Diz o Jorge Lago que o Podemos “não pode viver obcecado com o PSOE”. “Golpear o PSOE de forma constante e irrefletida é contraproducente e fecha-nos a uma parte do eleitorado”, explica. “Taticamente, é mais inteligente estender a mão ao PSOE para que as suas contradições sejam expostas e eles se sintam obrigados a corrigirem-nas.” Jorge Lago tem três referências para sustentar o que diz: o acordo de Ada Colau com os socialistas em Barcelona; o entendimento de Manuela Carmena em Madrid; e o que se passa em Portugal, entre o Partido Socialista e os partidos à sua esquerda. Para este fundador do Podemos,”o Bloco foi inteligente” e admite “é interessante estudar” o que está a ser feito por cá.
Afinal, neste momento, também o PSOE vive uma guerra interna, depois de ter saído das eleições de 2015 e de 2016 com os seus piores resultados de sempre. Pressionado pelos barões e direções regionais do partido, Pedro Sánchez demitiu-se do cargo de secretário-geral em outubro. Agora, é de novo candidato às primárias, que acontecerão em finais de maio. Terá pela frente Susana Díaz, que conta com o apoio das estruturas do partido — mas que poderá não ser tão forte entre as bases como Sánchez.
Do lado dos socialistas, Susana Díaz deixa claro que não é com o Podemos que alguma vez quererá entrar em acordo. Já Pedro Sánchez, que nunca conseguiu concretizar qualquer aliança com Pablo Iglesias, vê com bons olhos uma subida de Iñigo Errejón à liderança do Podemos. “Creio que o Podemos de Errejón se entenderia com o PSOE de Sánchez”, disse em entrevista ao 20 minutos.
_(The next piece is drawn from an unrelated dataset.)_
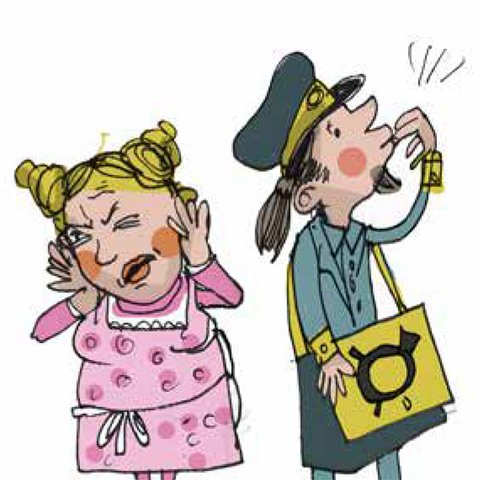 Postbote pfeift mit Trillerpfeife. Frau in rosa Kittel hält sich Ohren zu.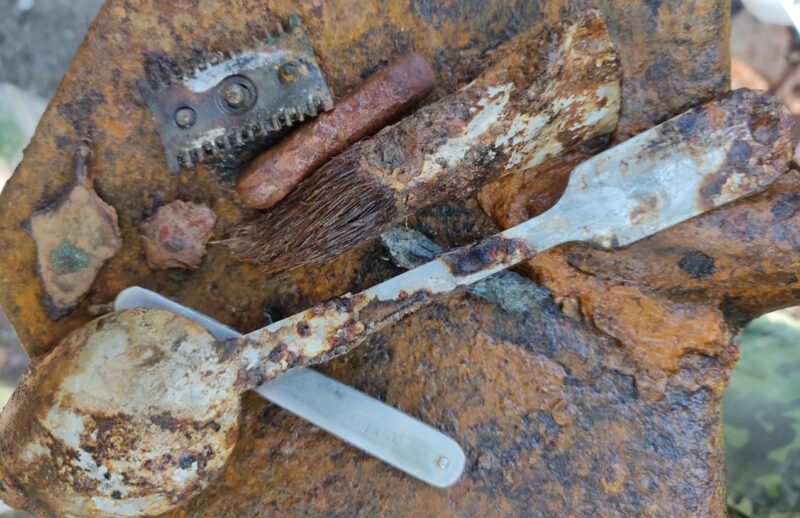 В Ржевском районе поисковики нашли медальон красноармейца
Tudo isto pode ser um cenário válido entre aqueles que querem contrariar a direita espanhola. Mas são muitos ses e ainda mais as incertezas que a esquerda terá pela frente. A primeira será esclarecida já na próxima segunda-feira: conseguirá o Podemos recomeçar o seu “voo até aos céus” depois de ficar com as asas tão pesadas da lama dos últimos meses?
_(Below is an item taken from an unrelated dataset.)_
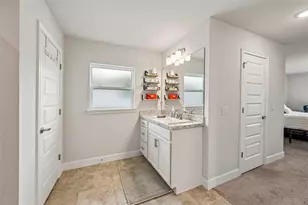 2718 N Chamberlain Blvd, North Port, FL 34286 - Photo 14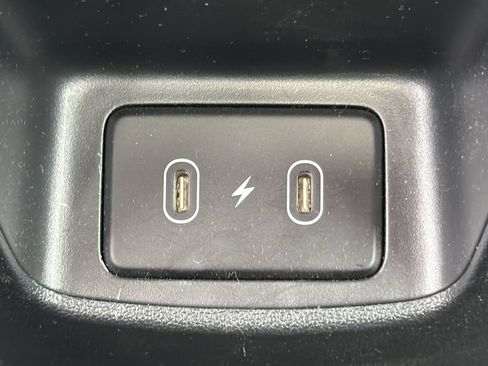 Used 2025 Hyundai Elantra Limited FWD image 21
“É quase impossível”, diz Iván Gil, que aposta mais na “excisão ou retirada” do setor derrotado “a médio prazo”. “Quem ganhar vai impor a sua própria equipa e evitará que o outro setor conte com cargos de responsabilidade”, diz.
Berta Barbet está de acordo. “O perdedor não vai querer continuar a ser humilhado e o vencedor poderá querer humilhar o perdedor”, prevê a politóloga.
Estamos então perante um período negro para o Podemos, independentemente do projeto vencedor neste fim-de-semana?
“Depende de quais são as expectativas”, diz. “O Podemos assim não vai governar tão cedo. Vão ser a segunda ou terceira força durante uma larga temporada. Mas isto em si já é um feito. Um partido que em três anos conseguiu 20% não é um falhanço.”